Avortement et contraception sont deux facettes d’un même droit, celui de décider de son corps, de décider de sa vie, de choisir d’avoir ou non un enfant, quand et avec qui. Quand on parle de ces droits on se situe toujours à la frontière de l’intime, parce qu’ils ont un impact sur la vie de chaque personne, et du politique parce qu’on voit comment des états mènent des politiques natalistes en cherchant à contrôler la fécondité des femmes, en refusant le droit à l’avortement ou en ne mettant pas en place les services nécessaires à l’accès à la contraception. On a tendance à opposer avortement et contraception et à considérer qu’en développant la contraception on va limiter les avortements. C’est faux : il n’y a pas de contraception efficace à cent pour cent, l’avortement est un acte courant de la vie des femmes, qui concerne une femme sur 3. Il y a plein de raisons qui font que des femmes avortent, que ce soit parce qu’elles ont eu des rapports non protégés, ou n’avaient pas de contraception, ou parce qu’elles ont eu des rapports forcés , et dans tous les cas parce qu’au final c’est à elles de décider. De plus, la société évolue, la norme procréative aussi, et il peut s ‘écouler un temps important entre le premier rapport sexuel et le moment où on souhaite avoir un enfant ; aujourd’hui l’âge de la première grossesse est autour de 29 ans alors qu’autrefois il était en moyenne de 24 ans en 1974. Lorsque des femmes sont sous contraception elles interrompent plus souvent une grossesse imprévue : 60% des grossesses non prévues se terminent par un avortement.
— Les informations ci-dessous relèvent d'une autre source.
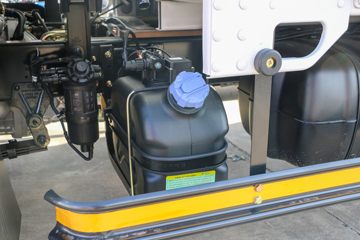 ��� ��VN �вƻ� 137���� 3.82���Ű������ῨͼƬ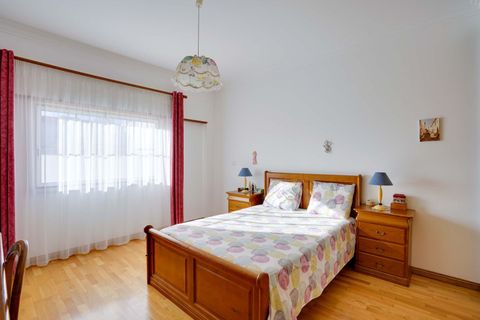 Lejlighed i Benavente, Santarem, Benavente - € 370.000 | Ref: A-30057 - foto 26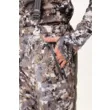 Костюм King Hunter HYBRID  (Camo Snow 5XL)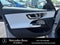 2026 Mercedes-Benz E-Class E 350 4MATIC®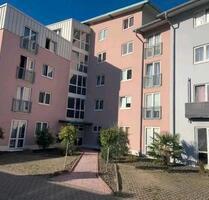 Einzimmerwohnung Kaiserslautern - Weilerbach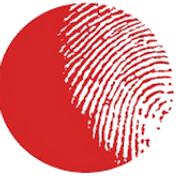 ACT Security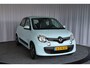 Renault Twingo 1.0 SCe Expression, Airco, El. ramen, 23000km!!!! NAP
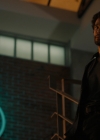 Charmed-Online-dot-nl_Charmed2x10CurseWords0602.jpg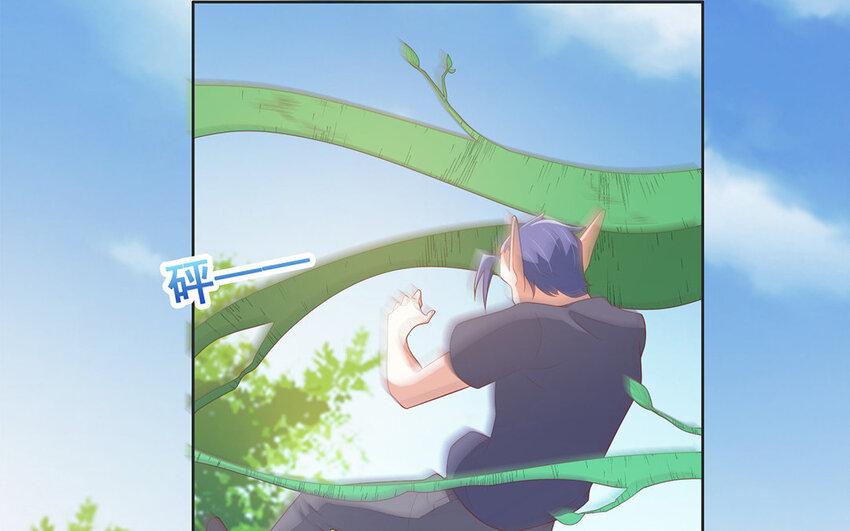 14 第13话 幕后黑手(1/2)-第14话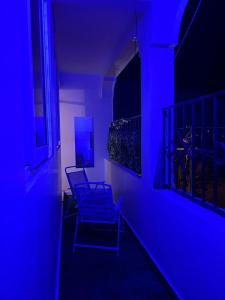 Stylish & Cozy 1 Bedroom Aparment Bamburi Mombasa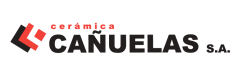 Marca Cerámica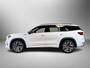 Skoda Kodiaq 1.5 204pk TSI PHEV Sportline Business KESSY-Keyless Entry, Start&Stop | Parkeersensoren | Achteruitrijcamera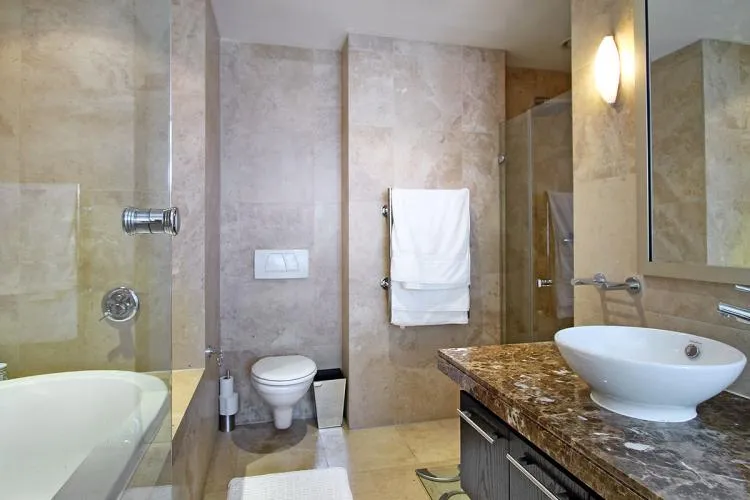 property_[object Object]_11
3) Et l’éducation, pourquoi ce focus?

L’éducation à la sexualité joue un rôle majeur à plusieurs niveaux. Elle permet de connaître ses droits et a un rôle important en termes d’information, car pour pouvoir exercer un droit il faut le connaître. C’est aussi un outil pour la promotion de l’égalité entre femmes et hommes et entre toutes les personnes: quand on fait de l’éducation à la sexualité on lutte contre les stéréotypes de genre et contre les discriminations liées à l’orientation sexuelle ou à l’identité de genre, on favorise cette égalité en promouvant des rapports non pas de domination mais de coopération. Ainsi quand on travaille avec des tout petits on travaille sur le fait que garçon comme fille on peut exprimer ses émotions, et leurs enseignantes et enseignants nous disent combien cela fait baisser le niveau de violence. L’éducation à la vie affective et sexuelle est inscrite dans la loi depuis 2001 à raison de trois séances par an et par année d’âge, mais elle est encore trop peu appliquée : il faut absolument progresser en ce domaine, et l’inscrire clairement dans le cursus scolaire, dès le plus jeune âge, comme cela se fait dans d’autres pays, aux Pays bas par exemple. Car c’est permettre à chacun et chacune de faire ses propres choix en toute connaissance de cause, dans des rapports égalitaires, en abordant les questions de consentement, de respect, de rapport entre les garçons et les filles. C’est donc agir en prévention des violences sexistes et sexuelles, et outiller les jeunes pour qu’ils deviennent acteurs de leurs propres choix, libres, autonomes et responsables. C’est un outil formidable d’émancipation. Ce n’est pas un coût mais un investissement dans une société d’égalité et de liberté.